Erano solo dei déjà-vu, gli hanno detto subito. Sono ancora dei déjà-vu: un fenomeno noto a chiunque e di cui quasi tutti abbiamo fatto esperienza. Un fenomeno che comunque ancora la scienza non ha definitivamente spiegato.
Secondo le teorie neurologiche, si tratterebbe di una sorta di breve epilessia circoscritta; per altri i déjà-vu sarebbero invece “episodi momentanei di disattivazione del sistema di recupero della memoria”; altri ancora parlano di una forma di “riprocessamento dell’informazione” attuato dal cervello per motivi sconosciuti; c’è poi chi sostiene che si tratti di semplici errori di interpretazione della memoria; e naturalmente ci sono le teorie parapsicologiche, secondo cui il déjà-vu sarebbe associato a poteri di precognizione, chiaroveggenza, percezioni extrasensoriali, profezie, visioni o memorie di vite passate.
Resta il fatto che questo ragazzo è un’anomalia. E davanti al suo caso, molte delle teorie appena dette non stanno in piedi.
Perché qui non parliamo di episodi di pochi secondi, ma di uno stato mentale che dura a lungo e si ripropone più volte al giorno.
Durante la vacanza, riferisce lui stesso, ci si è ritrovato intrappolato per ore. Ed è stato terrificante. Ma è stato solo l’inizio.
Al suo rientro la situazione peggiora ancora. La memoria continua a dirgli che non sta vivendo: sta rivivendo.
I medici sono sconcertati.
I dettagli del caso vengono rivelati in un rapporto pubblicato dal Journal of Medical Case Report. Nel 2008 il ragazzo viene sottoposto a una serie di esami neurologici. I test danno valori normali. Il caso viene studiato da accademici del Regno Unito, Francia e Canada. Nessuno arriva a una conclusione soddisfacente.
Passa un anno. Il ragazzo ha ormai definitivamente abbandonato gli studi. Viene trattato con una gamma di farmaci, senza nessun miglioramento.
L’unica cosa che si può fare è dargli dei sedativi, perché ormai non riesce più nemmeno a guardare la tv o ascoltare la radio, né a leggere giornali o libri.
Ha la costante sensazione di conoscere già ogni contenuto.
Di anni ne passano due, poi tre.
Chi pensa che possa trattarsi di un fenomeno legato all’attività all’interno del lobo temporale è smentito dagli esami, che non danno traccia di epilessia né di altre patologie.

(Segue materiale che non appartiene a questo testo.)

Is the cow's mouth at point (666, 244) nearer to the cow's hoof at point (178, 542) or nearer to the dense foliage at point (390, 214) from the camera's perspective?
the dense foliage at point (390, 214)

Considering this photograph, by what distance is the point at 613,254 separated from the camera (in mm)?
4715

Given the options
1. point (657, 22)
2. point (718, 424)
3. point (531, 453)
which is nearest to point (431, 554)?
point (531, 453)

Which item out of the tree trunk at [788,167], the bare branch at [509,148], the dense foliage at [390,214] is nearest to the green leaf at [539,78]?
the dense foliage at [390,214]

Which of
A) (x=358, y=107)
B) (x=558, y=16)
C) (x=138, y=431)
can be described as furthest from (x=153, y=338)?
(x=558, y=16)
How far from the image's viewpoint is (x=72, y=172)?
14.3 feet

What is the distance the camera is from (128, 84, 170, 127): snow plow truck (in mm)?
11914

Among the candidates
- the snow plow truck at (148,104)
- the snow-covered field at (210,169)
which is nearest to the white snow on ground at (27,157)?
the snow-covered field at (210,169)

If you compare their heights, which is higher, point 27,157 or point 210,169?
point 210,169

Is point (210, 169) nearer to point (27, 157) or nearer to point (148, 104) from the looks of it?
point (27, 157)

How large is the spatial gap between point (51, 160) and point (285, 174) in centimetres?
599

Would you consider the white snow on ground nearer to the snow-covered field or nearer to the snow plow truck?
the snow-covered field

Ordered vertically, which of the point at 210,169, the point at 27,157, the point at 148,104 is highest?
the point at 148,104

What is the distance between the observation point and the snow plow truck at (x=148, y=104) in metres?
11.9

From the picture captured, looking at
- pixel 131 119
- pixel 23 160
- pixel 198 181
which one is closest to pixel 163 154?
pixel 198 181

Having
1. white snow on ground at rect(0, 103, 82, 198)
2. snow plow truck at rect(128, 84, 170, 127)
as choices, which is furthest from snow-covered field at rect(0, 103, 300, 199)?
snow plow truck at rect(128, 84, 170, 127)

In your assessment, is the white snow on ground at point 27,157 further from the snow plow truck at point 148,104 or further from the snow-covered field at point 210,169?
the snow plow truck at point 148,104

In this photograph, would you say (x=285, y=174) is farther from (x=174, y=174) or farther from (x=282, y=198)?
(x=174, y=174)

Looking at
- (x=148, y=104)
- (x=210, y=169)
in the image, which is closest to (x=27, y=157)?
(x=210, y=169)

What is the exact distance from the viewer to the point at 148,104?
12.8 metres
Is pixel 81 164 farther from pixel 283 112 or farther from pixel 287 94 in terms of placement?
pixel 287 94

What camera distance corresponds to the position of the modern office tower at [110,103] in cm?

L’unica ipotesi che si riesce a formulare è che lo stato d’angoscia causato dai déjà-vu sia esso stesso una causa di altri déjà-vu, il che crea un “feedback loop”, un circolo vizioso simile a quelli riportati in altre patologie, legate ad esempio agli attacchi di panico.
Un (altro) cane che si morde la coda.
Una spirale. Perché nel frattempo il tempo scorre eccome.
Di anni ne passano cinque, sei, sette.
Per il ragazzo ormai è come vivere nel passato momento per momento.
A oggi, la situazione resta immutata.
La dottoressa Christine Wells della Sheffield Hallam University – che ancora sta studiando il fenomeno – lo definisce il primo caso di déjà-vu persistente mai registrato.
“Egli è pienamente consapevole”, scrive la Wells nel suo rapporto “della falsa natura del suo déjà-vu persistente”.
Non è pazzo. Non è demente, schizofrenico, niente del genere. Non delira e non ha visioni. Sa di non essere per davvero intrappolato in un loop di tempo.
Anzi, è del tutto consapevole di essere vittima di una sorta di inganno perenne, da otto anni.